25 Ağustos 2025 Pazartesi

Suruç'ta yürüyüş: Kararlılıkla yürümeye devam edeceğiz

DEM Parti, DBP ve TJA, süreç kapsamında Urfa'nın Suruç ilçesinde yürüyüş düzenledi. DEM Parti Grup Başkanvekili Sezai Temelli, "Oyalanmadan bir an önce gereken adımlar atılmalıdır. Türkiye halklarının beklediği şey, siyasetin bir araya gelerek çözüm üretmesiydi. Bir araya gelindi ama hala adım atılmadı" vurgusu yaptı.

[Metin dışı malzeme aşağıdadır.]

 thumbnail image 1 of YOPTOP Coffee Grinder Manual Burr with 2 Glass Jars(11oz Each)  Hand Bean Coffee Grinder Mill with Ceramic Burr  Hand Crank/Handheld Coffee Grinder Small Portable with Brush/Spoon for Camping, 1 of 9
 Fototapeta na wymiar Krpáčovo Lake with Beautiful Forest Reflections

Halkların Eşitlik ve Demokrasi Partisi (DEM Parti), Demokratik Bölgeler Partisi (DBP) ile Özgür Kadın Hareketi (TJA), "Barış ve Demokratik Toplum Süreci" kapsamında Urfa'nın Suruç ilçesinde yürüyüş düzenledi. Amara Kültür Merkezi'nden Suruç Kent Meydanı'na yürüyen kitle, "Felsefa Rêber Apo aşitî ye" pankartı açtı ve sık sık "Bijî Serok  Apo", "Jin, jiyan, azadî azad bike rêberti", "Bê Serok jiyan na be" ve "Savaşa hayır barış hemen şimdi" sloganları attı.
 
DEM Parti Urfa İl Eşbaşkanı Ayşe Sürücü, tarihi bir süreçten geçtiklerini belirterek, "Meclis'te kurulan komisyonda görüşmeler devam ediyor. Son olarak Barış Anneleri ile görüşüldü ancak annelerin Kürtçe konuşmasına izin verilmedi. Bunu kabul etmiyoruz. Barış ve çözüm için sonuna kadar mücadele edeceğiz" dedi.

Suruç katliamında ölümsüzleşen 33 düş yolcusunu anarak sözlerine başlayan DEM Parti Grup Başkanvekili Sezai Temelli, "Barışa karşı olanlar, nefret söyleminde, ayrımcılıktan, ırkçılıktan beslenenler şunu çok iyi bilsinler ki biz kazanacağız, mutlaka kazanacağız. Bu yolda kararlılıkla yürümeye devam edeceğiz" dedi.

'BU SORUN ÇÖZÜLMEDEN HİÇBİR SORUN ÇÖZÜLEMEZ'
Abdullah Öcalan'ın 27 Şubat'taki çağrısından sonra yaşanan gelişmeleri hatırlatan Temelli,  şöyle devam etti: "Bu kadar güçlü adımların karşısında Türkiye siyasetine düşen demokrasinin önündeki engelleri kaldırmaktır. Nihayet Meclis'te komisyon kuruldu. Keşke 27 Şubat açıklamasından hemen sonra kurulsaydı. Evet acelemiz var çünkü kaybettiğimiz yıllarımız, yitirdiklerimiz var. Komisyon bu bilinçle çalışmalıdır. Hakikate vakıf olmalıdır. Oyalanmadan bir an önce gereken adımlar atılmalıdır. Türkiye halklarının beklediği şey, siyasetin bir araya gelerek çözüm üretmesiydi. Bir araya gelindi ama hala adım atılmadı. Bırakın adım atmayı insanları bekleyişe sürükleyen bir hal var. Daha önemli bir konumuz yok. Çünkü bu sorun çözülmeden, bu ülke hiçbir sorununu çözemeyiz."

'MADENE DEĞİL DOĞAYA İHTİYACIMIZ VAR'
"Komisyon, topluma dönüp baktığında 25 milyon Kürt'ün varlığını kabul edip, o 25 milyon Kürt'ün bir anadilinin olduğunu bilmelidir. Herkesin anadilinde, eğitim kamusal hizmet, siyaset hakkının olduğunu bilmelidir" diyen Temelli, Kürt meselesinin aynı zamanda Kürtçe meselesi olduğunu söyledi.

Temelli, şu ifadeleri kullandı: "Fırat'ın doğusuna bakan bu çarpık anlayış, Kürt halkı üzerinde ekonomik şiddeti de böyle var etti. Oysa su burada, su Fırat'tadır. Santraller, barajlar burada. İstanbul, Ankara şakır şakır ışıklar altında ancak burada tarlasını ekecek olan çiftçi sulama ücreti olarak 3 bin lira ödüyor. İşte elektrik fiyatları işte zulüm. Bütün doğamız talan edildi. Ne orman kaldı, ne ekilebilir alan. İklim krizinin en büyük müsebbiplerinden biri Türkiye'dir. Bizim madene değil, doğaya ihtiyacımız var. Tarlamızı ekmek istiyoruz, iş istiyoruz, o yüzden de barış istiyoruz."